November 2025 Eastside Market Update
Eastside pricing is essentially flat year over year and month over month. Yes, technically prices slipped 2% (really 1.6%), but they also rose 2.4% the month before—so we’re basically right where we started. And honestly, this metric is tricky to measure with precision.
With 2.6 months of inventory, we’re sitting in a balanced market that leans toward sellers. That said, only 31% of homes are selling at or above the list price, compared to 50% a year ago. For the 17% of sellers who received multiple offers and went over asking, it feels like a seller’s market. But for the 20% who are taking 60+ days to sell, it feels more like a buyer’s market. The truth? We’re in a healthy, more “normal” market—just one that feels a bit weird and disconnected.
Inventory dropped 8% this month, but last year during this same window inventory fell by 20%. So not only do we have more inventory than we’ve seen in five years, but we’re also burning through it more slowly. That means we’ll likely enter the new year with the highest inventory levels we’ve had in half a decade. Even so, I still expect most appreciation to land in the first four months of the year. It’ll probably be modest—think 3% to 5%—so you might not feel it, even though it’s happening.

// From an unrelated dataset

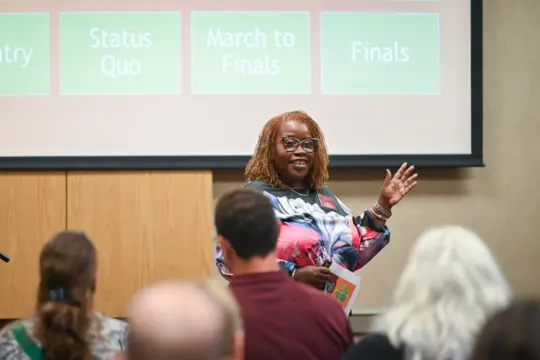 A person stands in front of an audience, speaking and gesturing with one hand. They are smiling and holding a paper. Behind them, a presentation slide with the words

For buyers: With higher inventory, softer pricing, and interest rates expected to hover in the low 6s, it’s a solid window to buy—as long as you’re comfortable with the monthly payment and plan to stay put for at least 3 years (ideally 5+).
For sellers: Think of today’s market as both a price war and a beauty contest. Dramatic? Maybe. Helpful? Absolutely. Price on the conservative side—if it’s truly too low, the market will pull it up—and present your home in the best condition possible. Great prep and smart pricing still win.